Emacs:背景色を変更する方法
Emacsの背景色を変更する方法を説明します。背景色を変更する方法は、何通り考えられますが、ここでは4通りの方法を紹介します。
初期化ファイルで設定する方法
関数 set-face-background
を使ってをinit.elや.emacsで設定する方法です。
例えば、次のように記述します。
(set-face-background 'default "#303030")
この例では、 deafult
Faceの背景色を #303030
に設定しています。
default
はすべてのFaceの親になるので、これを変更すると全体に影響します。
ただし、背景色が個別に設定されている場合は、そちらが優先されますので、defaultを変更しても全く変化しません。
色の指定には、16進数のRGB数値、もしくは M-x list-colors-display
を実行すると表示される色の名前が使えます。
set-face-background
の他に set-face-foregraound
などset-face-ではじまる関数がいくつかあります。これを使うことで背景色だけではんく、テキストの色やボールド、イタリックなど設定することができます。
Faceのカスタマイズ機能を使う方法
Emacs標準のカスタマイズ機能でFaceを設定することもできます。(set-face-background)のようなコードを書く代りに同じことをカスタマイズ機能で行なうだけです。
まずは
M-x customize-face
を実行して、face名に default
を指定します。
customize-face画面が表示されるので、項目Background:に色を指定して、 Apply
ボタンを押せば、即座に変更が反映されます。
この状態ではEmacsを再起動すると元の設定に戻りますので、今後も継続して使いたい場合は Apply and Save
ボタン、または C-x C-s
を実行して設定ファイルに反映させましょう。
注意点は、保存する前に、Foreground以外のチェックボックスはすべてOFFにしておいてください。そうでないと他の項目までいっしょに保存されてしまうため、次に説明する customize-theme
を使うときに、設定が干渉してしまうことがあるからです。
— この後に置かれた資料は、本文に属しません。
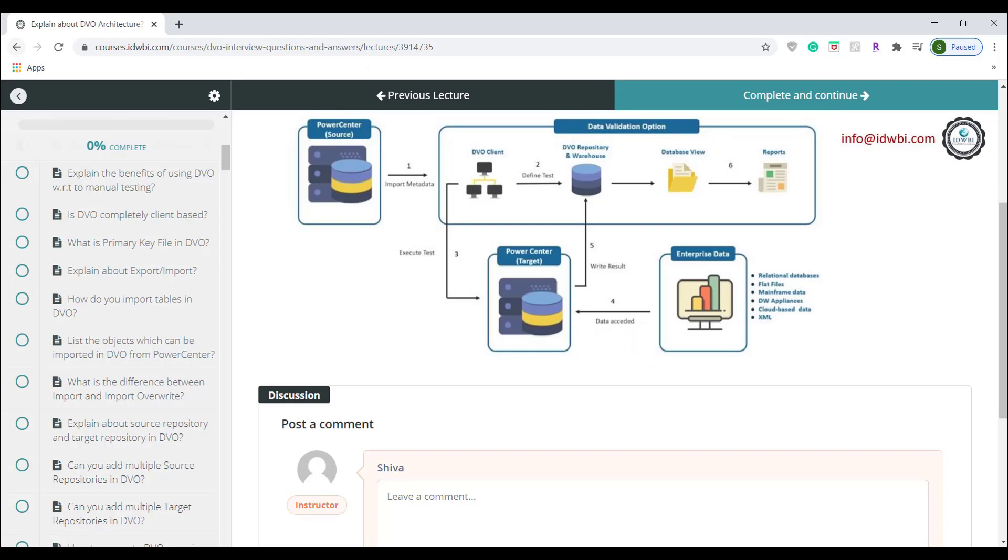Test results like pass or fail, test details, error rows and data values are loaded by target PowerCenter repository into the DVO warehouse. Users can view test results in the DVO client and users can generate different reports which are generated from various views.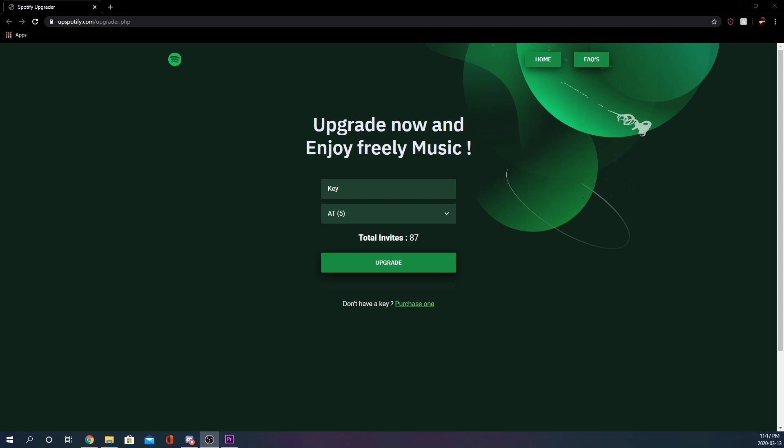If you guys listen to music, you've obviously heard of Spotify. If you have a regular account and want to upgrade to premium, this guy I know on Discord actually made this website and is doing Spotify upgrade services.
(テーマを使わないなら気にしなくてもいいのですが)
標準のテーマを利用する方法
テーマとは複数のfaceと変数の設定をまとめて管理する仕組みです。
テーマという名前から連想すると表示関連だけのように思えますが、実際にはCustomizeできる変数も対象なので、Emacsの環境まるごとテーマを切り替えることで制御できます。
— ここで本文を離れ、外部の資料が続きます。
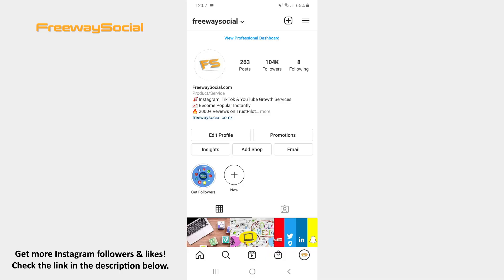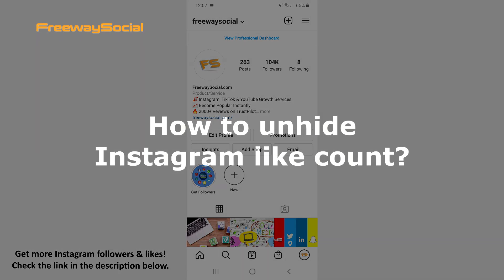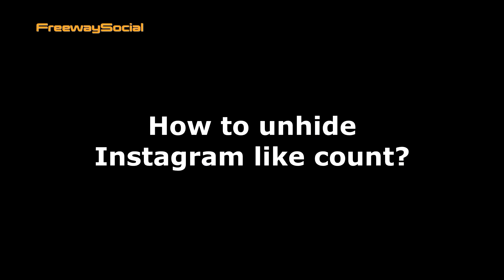Hey guys! This is Maria from FreewaySocial.com and in this video I will show you how to unhide Instagram like counts.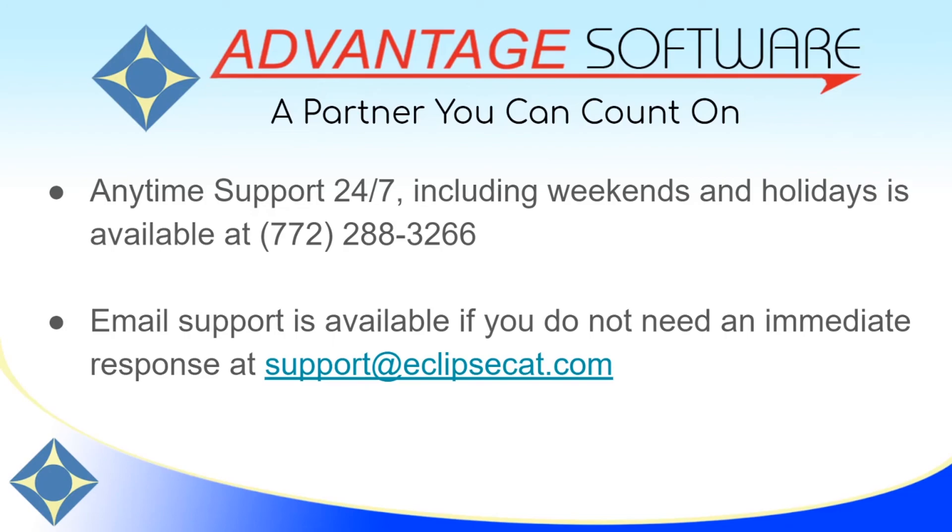Thank you for watching this video about Bridge Mobile proofreading. As a reminder, Advantage Software offers anytime support 24-7. Technical support can be reached for help with any of our products, including Bridge Mobile, at 772-288-3266, or email support is available at support at EclipseCat.com.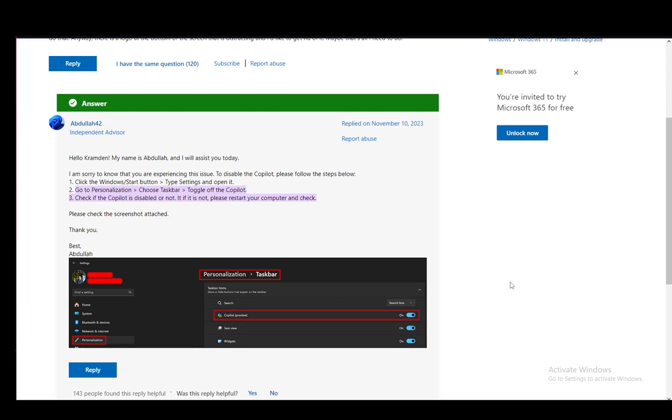Then, once you're there, you'll have this checkmark next to Enable Copilot if it is enabled. If it is not, then check it on, and that will be pretty much the entire process to enable your Copilot in your applications.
Emacsには標準のテーマがいくつか最初から用意されています。標準のテーマはFaceの設定しか含んでいません。この中から選ぶだけでも十分使えます。
テーマを有効にするには、まず、 M-x customize-themes
を実行してください。次のような画面が表示されます。
好きなテーマのチェックボックスを選択すると画面に即反映されます。背景色だけではなくフォント等も含めて一発で変わるのでいろいろ試してください。すべてのチェックをオフにすると、テーマもオフになります。
これもEmacsを再起動すると元に戻りますので、継続して使う場合は Save Theme Settings
を押下してください。設定ファイルに書き込まれます。普通に C-x C-s
でもOKなのでかなりお手軽にコロコロ変更できます。
テーマを自作する方法
さらに踏み込んで、自分のテーマをつくるには
M-x customize-create-theme
をします。
既存のカスタマイズを新しいテーマに含めるか聞かれますが、最初はNOを選んでおいたほうがいいです。
例えばテーマ名をhelloと入力し、とりあえずdefaultフェイスの設定だけをして、 Save Theme
を押下すると
~/.emacs.d/hello-theme.el
として定義ファイルが作成されます。 あとはこれをcustomize-themeで選べばOKです。
まとめ
これらの方法で一番手軽なのは「標準のテーマを利用する方法」でしょう。私は、その時の気分や、使用するPCによってテーマを変えています。これと customize-face
を併用して細かいカスタマイズすることで自分の好みの環境を整えるようにしています。
Emacsの設定はとても奥が深い世界なので、他にもいろいろな設定方法がありそうです。